Shattering the glass ceiling

September 27, 1991|By Betsy C. Hart

AN ORGANIZATION called the Fund for a Feminist Majority recently issued an "action statement" for women in the workplace: Women should demand 50 percent representation on all management bodies, form "feminist networks" to intimidate management through propaganda campaigns and vigorously pursue sex discrimination and harassment suits.

Is this guerrilla warfare plan in response to a corporate takeover by the Islamic Jihad? No, it's one feminist organization's response to a recent study by the U.S. Labor Department which said that a "glass ceiling" exists in corporate America -- an invisible barrier that prevents women from advancing to the executive suite of most U.S. corporations. The problem? Only 2.6 percent of corporate officers of Fortune 500 companies are women. The solution for the Feminist Majority: forget the work ethic and advocate advancement through quotas and political activism.

Virtually all "feminist" organizations advocate hiring and promoting women "by the numbers," using quotas that would guarantee that a certain number of jobs and promotions automatically go to women. Indeed, even the U.S. Senate is caught up in the feminist fever and is considering legislation that would set up a commission to look into the glass-ceiling thesis. According to the bill, the commissioners would investigate hiring practices, encourage companies to modify policies to advance women, and provide "specific guidance" on how to do it.

Translation: Employers would become the targets of a federally backed feminist witch hunt with sex-based hiring and promotion quotas as the ultimate goal.

But regardless of their tactics, supporters of gender-based advancement are going to have a tough time getting a 50-50 split in most executive suites. Why? Because not all women want to be in top executive slots. Undoubtedly, many do. But on this, as on a host of other "women's issues," women do not march in lockstep.

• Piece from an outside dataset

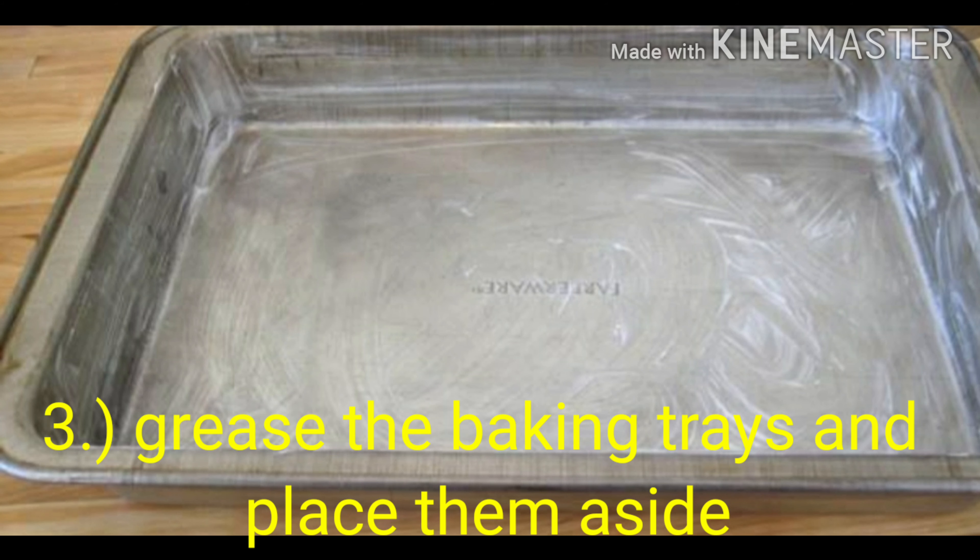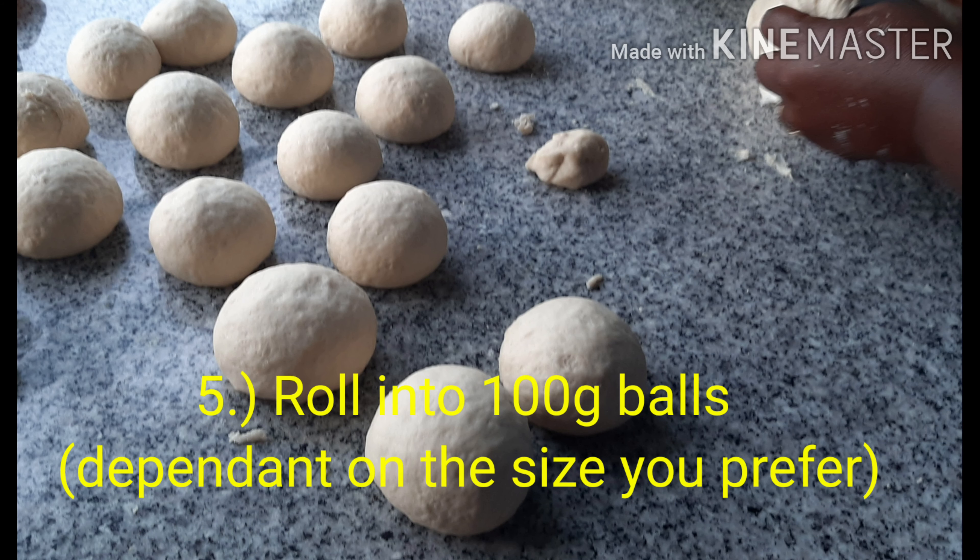Grease the baking trays and place them aside. Oil your hands with vegetable oil. Roll the dough into 100 gram balls, depending on the size you prefer.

According to a recent survey by the executive recruiting firm of Robert Half International, about 82 percent of professional career women would prefer jobs with flexible hours, more family time and slower advancement over more grueling careers with more rapid advancement. Feminists don't want to admit that many women are absent from the boardroom because they have chosen to do something else with part of their lives. Many would rather not pay the price of years of 70-hour workweeks, uninterrupted by childbearing, that it sometimes takes to get to the top.

But even for those women who seek the golden rung of the executive ladder, the feminist demand for quotas is insidious. Quotas advance the myth that a woman can't succeed on her own merits -- and can't fail because of her own shortcomings. This can discredit a woman's achievements. And as demonstrated by a quarter-century of race-based quotas, this system eventually erodes the fundamental values of a free society: individual responsibility and advancement based on merit.

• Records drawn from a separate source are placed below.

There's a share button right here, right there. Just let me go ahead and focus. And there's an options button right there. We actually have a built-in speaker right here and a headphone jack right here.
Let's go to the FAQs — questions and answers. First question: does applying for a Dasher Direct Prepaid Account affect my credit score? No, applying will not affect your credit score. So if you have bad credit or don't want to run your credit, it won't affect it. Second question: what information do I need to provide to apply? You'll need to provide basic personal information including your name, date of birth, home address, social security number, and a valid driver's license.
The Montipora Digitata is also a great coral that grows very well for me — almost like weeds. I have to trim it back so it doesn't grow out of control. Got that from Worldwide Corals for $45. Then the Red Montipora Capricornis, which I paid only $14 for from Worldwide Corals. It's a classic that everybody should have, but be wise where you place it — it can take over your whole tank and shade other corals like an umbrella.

Few companies can afford a glass ceiling for long. In a global marketplace that grows increasingly competitive, and in a country where educated and motivated workers are increasingly short supply, the market eventually will compel companies to hire and promote the best, whether they are women or men.

Indeed, this process has been occurring for years: In the 25 years they've been in the work force in large numbers, women now fill 40 percent of all executive, management and administrative positions, up from 24 percent in 1976. It is likely that as the newest generation of employers and employees -- now accustomed to large numbers of women in the workplace -- becomes the dominant demographic element in corporate America, the glass ceiling, already full of cracks, will shatter.

So when it comes to men and women competing in the workplace, the lesson is clear: Government, and its social engineers, should stay out of the boardroom.

Betsy Hart is director of the Heritage Foundation's "Third Generation" program, a forum for young conservative leaders in Washington.